- [Work required]
Every line of the material is to be quoted verbatim, minus the pictures.

[Start of section]

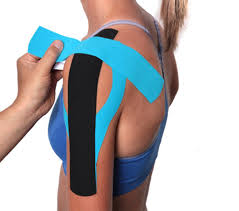 tape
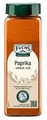 Fuchs Professional Paprika edelsüß, 450 g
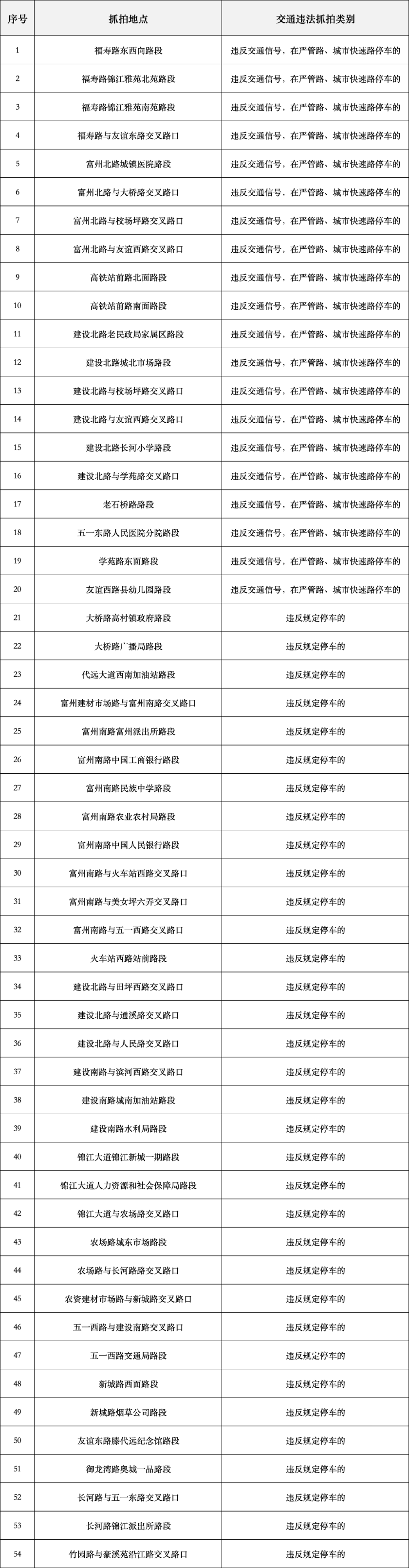 容器 29@1x.png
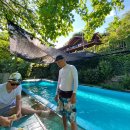 피아골민박 이미지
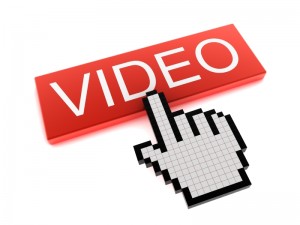 Video-click-300x225
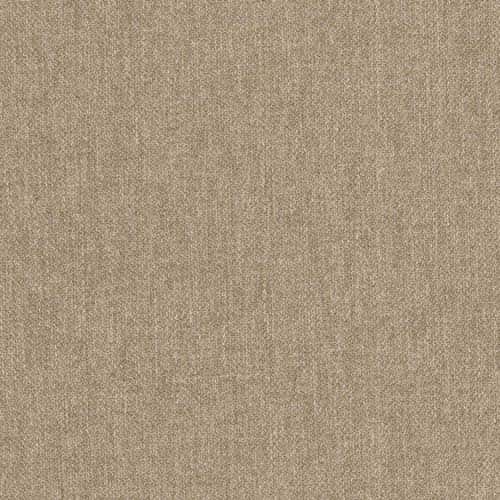 TRH4640 Performance Fabric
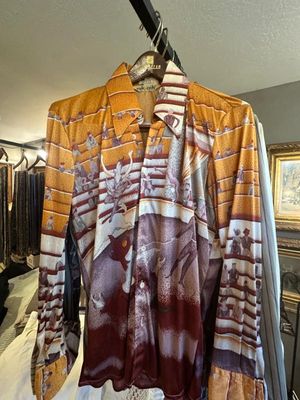 Sale Photo Thumbnail #504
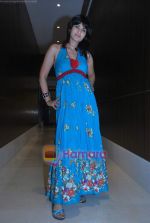 at BETI Fashion show by Anu and Sashi Ranjan on 26th July 2009 (184).JPG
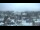 Webcam in Niedererbach, 28 km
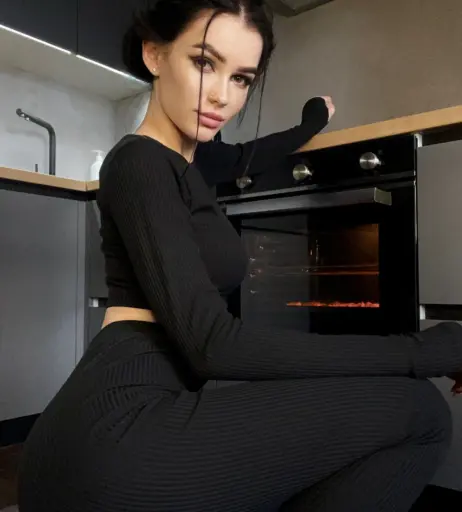 Image 12086952 from Chrysolite | Ivoryeva | Evaivory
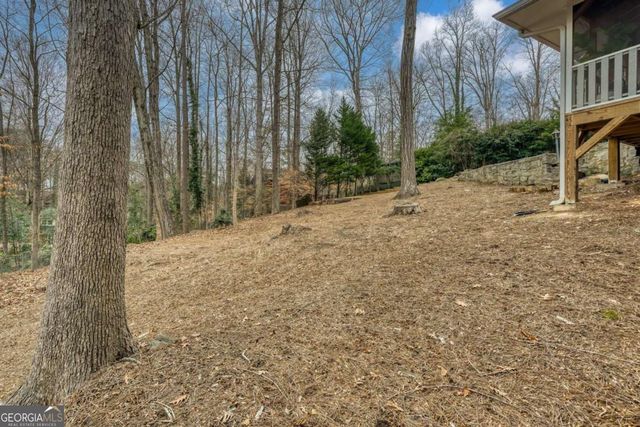 2555 Landeau Circle, Tucker, GA 30084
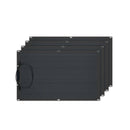 Marstek Apollo 110W Panneau solaire flexible (lot de 4)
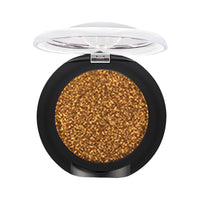 HKM-456467 Shimmering Pearlescent Eyeshadow Palette with 20 Versatile Colors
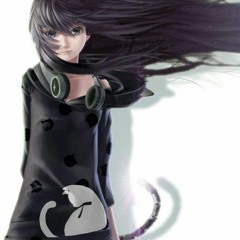 Kareful - She Made Me Cry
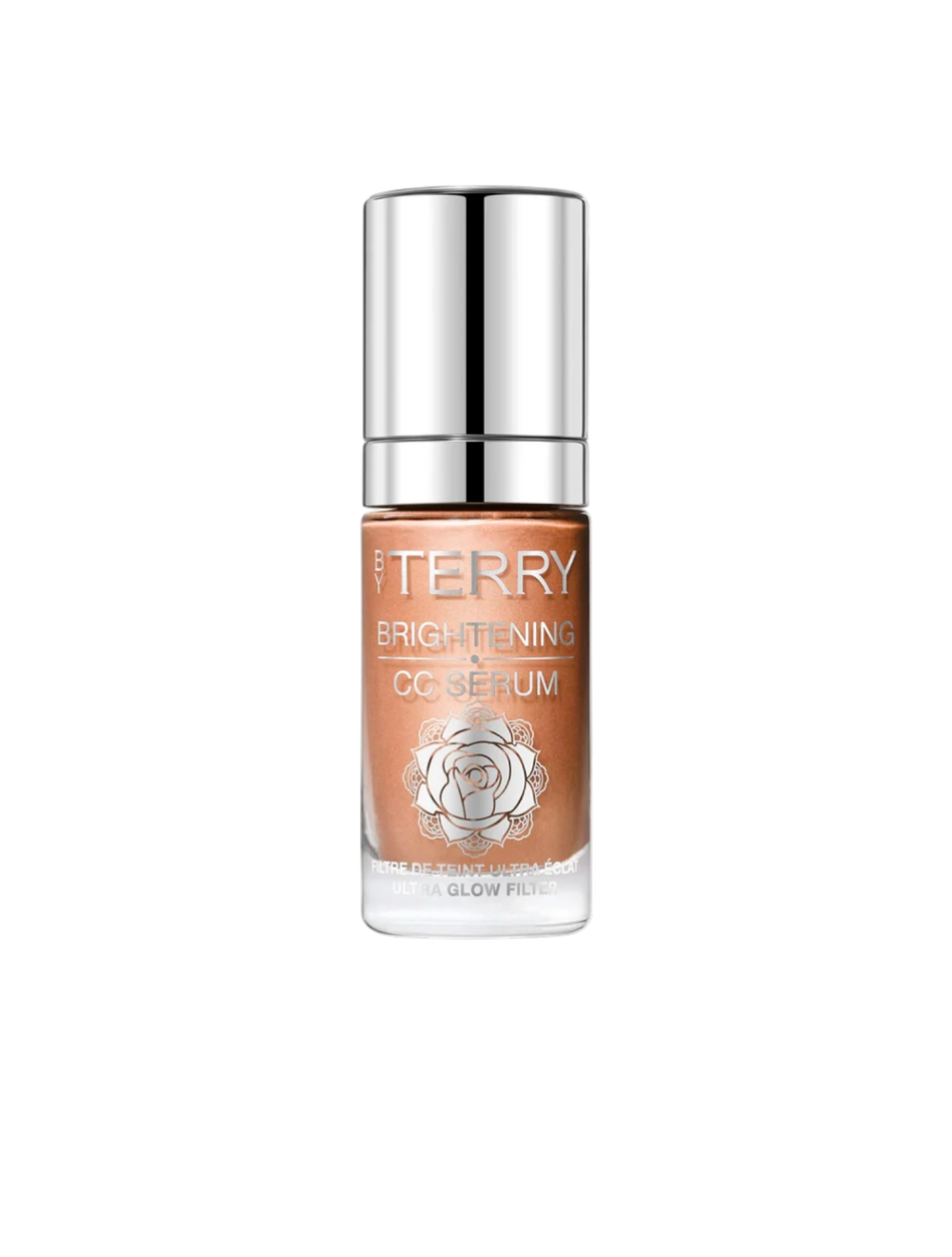 Brightening Cc Serum N4 30ml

[End of section]

- [Reply]
 tape
 Fuchs Professional Paprika edelsüß, 450 g
 容器 29@1x.png
 피아골민박 이미지
 Video-click-300x225
 TRH4640 Performance Fabric
 Sale Photo Thumbnail #504
 at BETI Fashion show by Anu and Sashi Ranjan on 26th July 2009 (184).JPG
 Webcam in Niedererbach, 28 km
 Image 12086952 from Chrysolite | Ivoryeva | Evaivory
 2555 Landeau Circle, Tucker, GA 30084
 Marstek Apollo 110W Panneau solaire flexible (lot de 4)
 HKM-456467 Shimmering Pearlescent Eyeshadow Palette with 20 Versatile Colors
 Kareful - She Made Me Cry
 Brightening Cc Serum N4 30ml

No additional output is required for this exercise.